### Extracted records
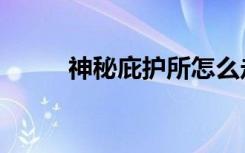 神秘庇护所怎么走（神秘庇护所）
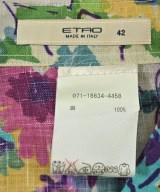 ETRO（エトロ）カジュアルシャツ 緑 サイズ:42(M位) レディース/2200701356071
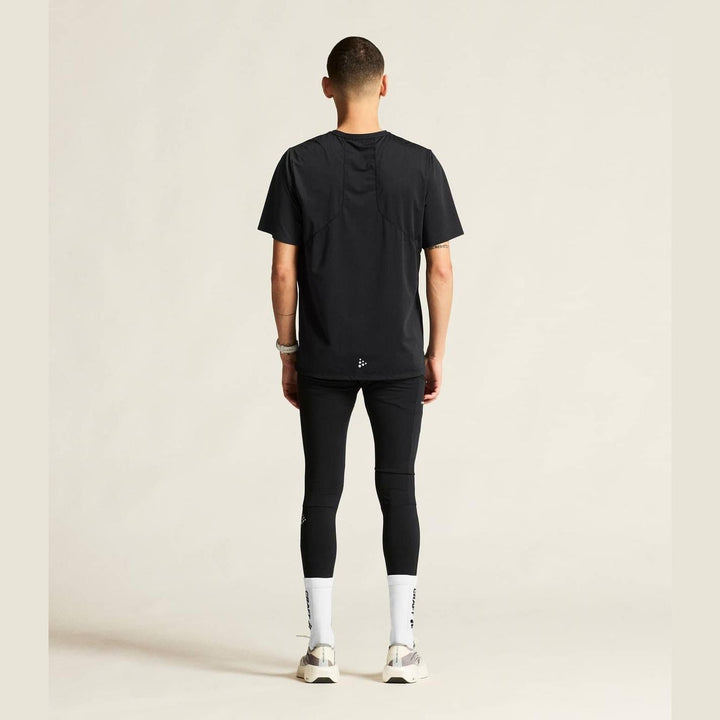 Craft PRO Trail SS Tee 2 Men’s Black M - SAMPLE DROP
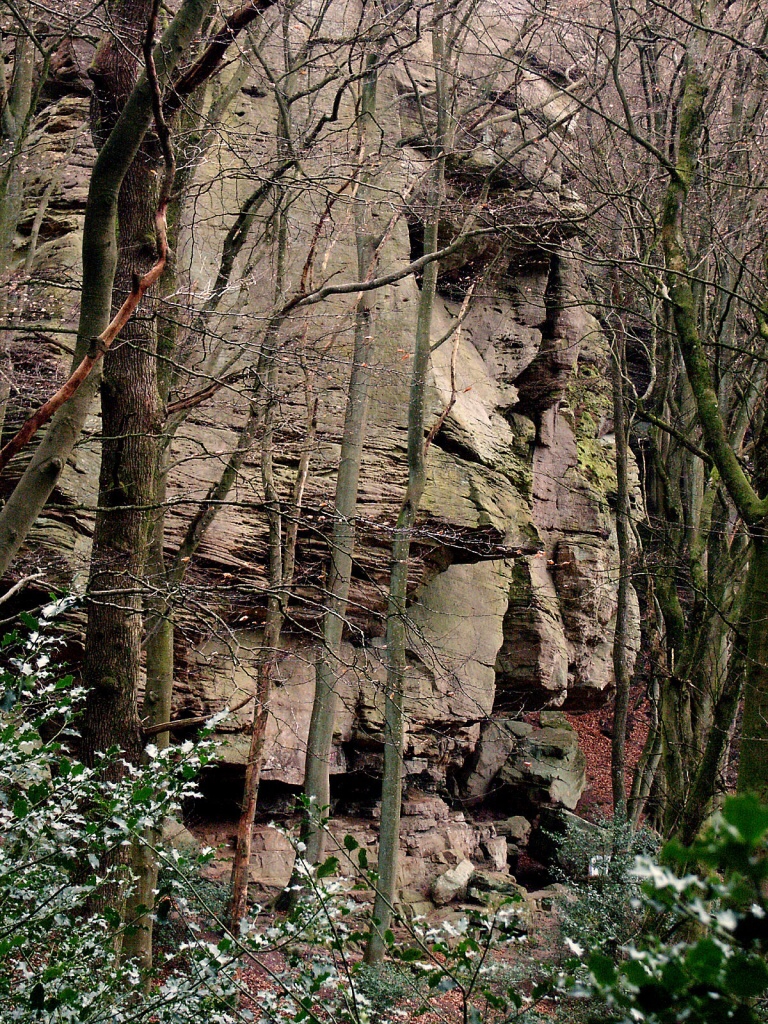 Berdorf, climbing rock - Horydoly.cz 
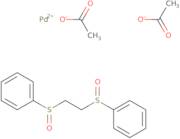 1,2-Bis(phenylsulfinyl)ethane Palladium(II) Diacetate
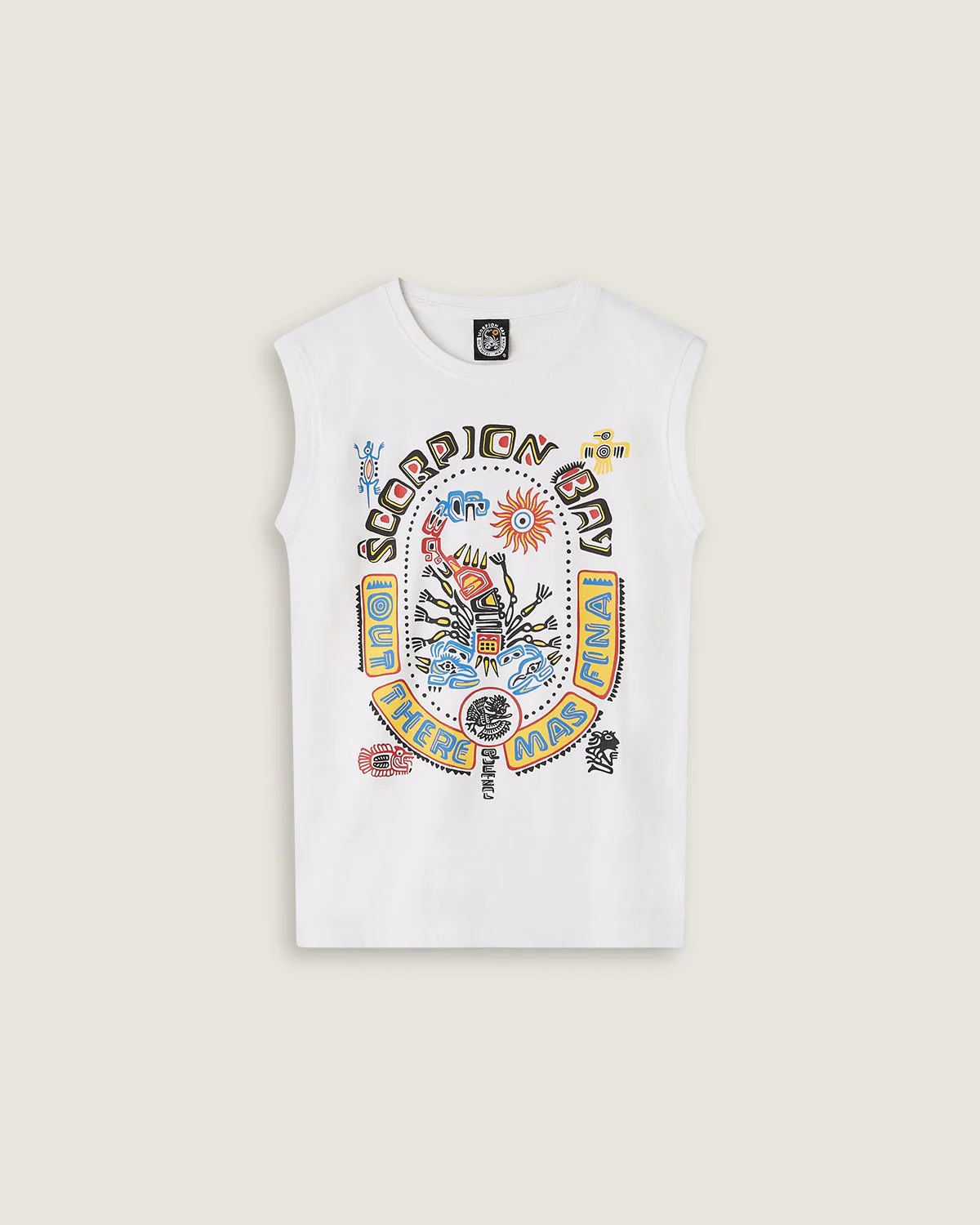 Canotta stampata "Aztec Logo" bambino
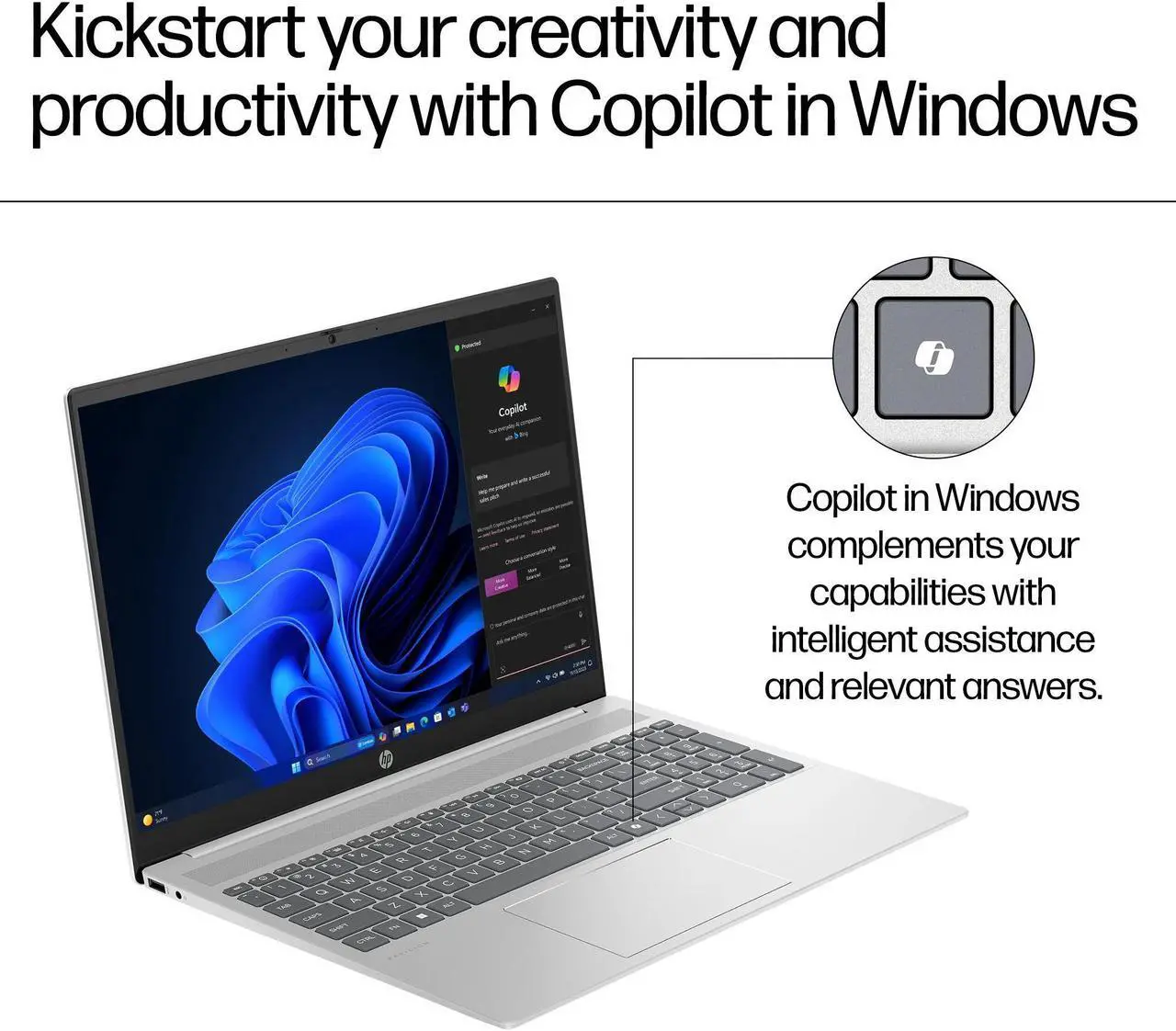 Alt view image 6 of 7 - HP HP Pavilion 16t-af000  Business Laptop 16.0" IPS WUXGA Display (Intel Ultra 7-155U, 16GB LPDDR5, 512GB SSD, Intel Graphics, Backlit KB, WiFi 6E, FHD Webcam, Bluetooth 5.3, Win 11 Home Plus)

### Try it
Leave the images out as you retype each line of the material exactly.

### Answer to the problem
 神秘庇护所怎么走（神秘庇护所）
 ETRO（エトロ）カジュアルシャツ 緑 サイズ:42(M位) レディース/2200701356071
 Craft PRO Trail SS Tee 2 Men’s Black M - SAMPLE DROP
 Berdorf, climbing rock - Horydoly.cz 
 1,2-Bis(phenylsulfinyl)ethane Palladium(II) Diacetate
 Canotta stampata "Aztec Logo" bambino
 Alt view image 6 of 7 - HP HP Pavilion 16t-af000  Business Laptop 16.0" IPS WUXGA Display (Intel Ultra 7-155U, 16GB LPDDR5, 512GB SSD, Intel Graphics, Backlit KB, WiFi 6E, FHD Webcam, Bluetooth 5.3, Win 11 Home Plus)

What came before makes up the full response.